Oral history | 

Those forgotten Irish emigrants who became our Nowhere People

The stories of those who left for England will finally be told in a new oral history project

Bright lights of London called but life was not easy for many of Ireland’s emigrants

Life was not easy for many of Ireland’s emigrants

Roy Curtis

They are the largely forgotten Irish, so many of their number lost to whiskey and loneliness and shame, falling between the cracks in London or Birmingham or Coventry.

We speak of the navvies who rebuilt Britain in the post-war years, working back-breaking shifts on road and railway, drinking all they could swallow until the early hours.

They spilled into the Galtymore in ‘County Kilburn’ on Saturdays, to dance to Joe Dolan or Big Tom, to find a wife, to reminisce, to remember and to forget.

Through the mid to latter decades of the 20th century, a symphony of Mayo, Donegal and Kerry accents played as the music of everyday life, the Irish becoming part of the contours of Cricklewood, Shepherd’s Bush and Camden.

Poverty

In 1961, the Irish population in England and Wales peaked at 681,000, generation after generation of McAlpine’s Fusiliers signing up for long, hard hours of labouring work.

Life was not easy for many of Ireland’s emigrants

A fraternity of refugees fleeing the poverty and hopelessness and social oppression of their homeland.

Night after solitary night, they sat on high stools in O’Reilly’s of Kentish Town, the Archway Tavern, The Crown in Cricklewood and found a little piece of home.

Bulwarks against despair, sanctuaries where, even if they were on their own, they were not alone.

Many married and advanced a few rungs and more up the economic ladder, living happy and fulfilling lives, opening businesses, making fortunes, establishing themselves as community pillars.

Many others, unable to get themselves together, stuck in a moment, were not so fortunate, succumbing to a crushing kind of desolation, helpless as the walls closed in.

On Sunday they listened to Michael O’Hehir on the wireless; at closing time they stood for Amhrán na bhFiann.
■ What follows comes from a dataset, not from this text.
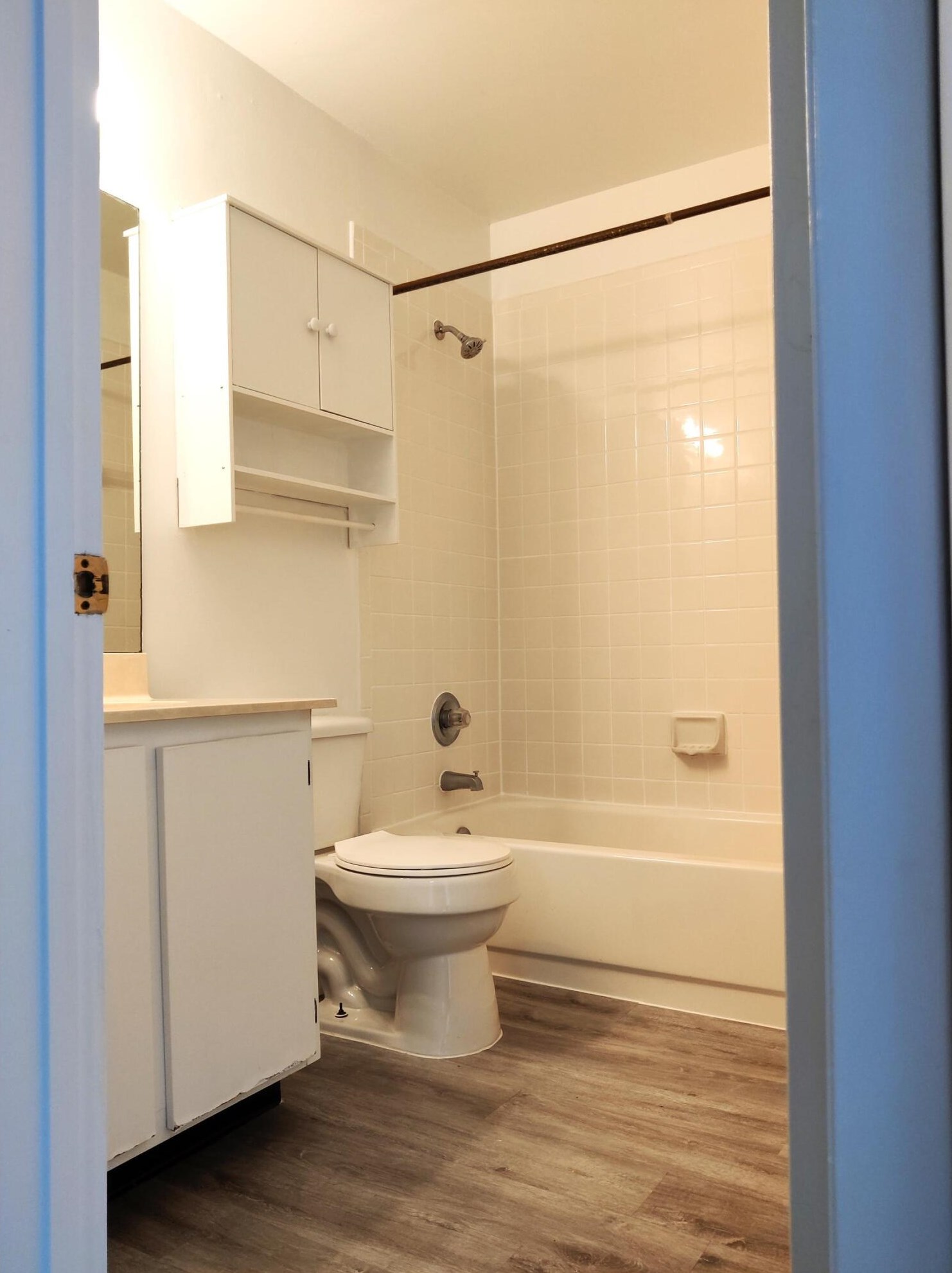 1506 Lakeview Dr E, West Palm Beach, FL 33411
Then, they stumbled to their draughty bedsit, only the wind for company.

Reminded of their place in London’s hierarchy by the pitiless signs in the lodging house windows: No Irish, No Blacks, No Dogs.

They were the Nowhere People: Neither home nor abroad. Neither here nor there.

Addiction, homelessness, humiliation, guilt, heartache, a dismal solitude, the demons came hard, fast and unrelenting.

Ralph McTell’s heart wrenching but beautiful Streets of London had so many of those lost Irish, the human detritus cast into the social gutter, among its subjects.

‘Have you seen the old man

In a closed down market?

Kicking up the paper

With his worn-out shoes

In his eyes, you see no pride

And held loosely at his side

Yesterday’s paper

Telling yesterday’s news.’

For too many of these broken creatures the sun stopped shining even as their hearts beat on, their lives little beyond a frigid void, no more in control of their destiny than the flotsam in the dark December Thames.

Too ashamed to take the boat home, abashed and humiliated, they disappeared into the fissures of the city.

Some maintained a pretence, sending letters and money home even as they relied on the life-raft of the local Irish Centre to keep them afloat and put a little food on their own plate.

Many of them grew old and died alone, their accents and the tattered family photograph in their pockets the last reminders of who they were, where they came from.

Now, at last, they are being remembered, their stories pulled from the rubble, resuscitated and brought back to life.

Look Back to Look Forward: 50 Years of the Irish in Britain is an oral history project that aims to reflect the diverse experiences of Irish exiles over the last half century.

The Irish in London and beyond are a changing demographic, diminishing in number though rising in status, the exiles now laden down with highly educated young professionals, doctors, lawyers, well remunerated tech and financial sector workers.

Many of the old pubs that offered a social crutch to the new arrivals have been shuttered, others have morphed into Polish bars or hipster coffee houses. The Galty’ closed in 2008. The Irish in Cricklewood are largely elderly.

Census

In the most recent census, the number of Irish in England and Wales was down to 324,670. Once the largest ethnic group born outside the UK, they have fallen to fifth, behind the Indians, Poles, Pakistanis and Romanians.

Look Back to Look Forward has so far spoken to more than 100 immigrants and second- generation Irish, piecing together the tapestry of life in the big cities long ago.

And giving a voice to the too long unheard.

To those who came in their droves from the villages and rural West of Ireland byways, lured by dreams that often darkened, reduced to forgotten specks in the potholes of London life.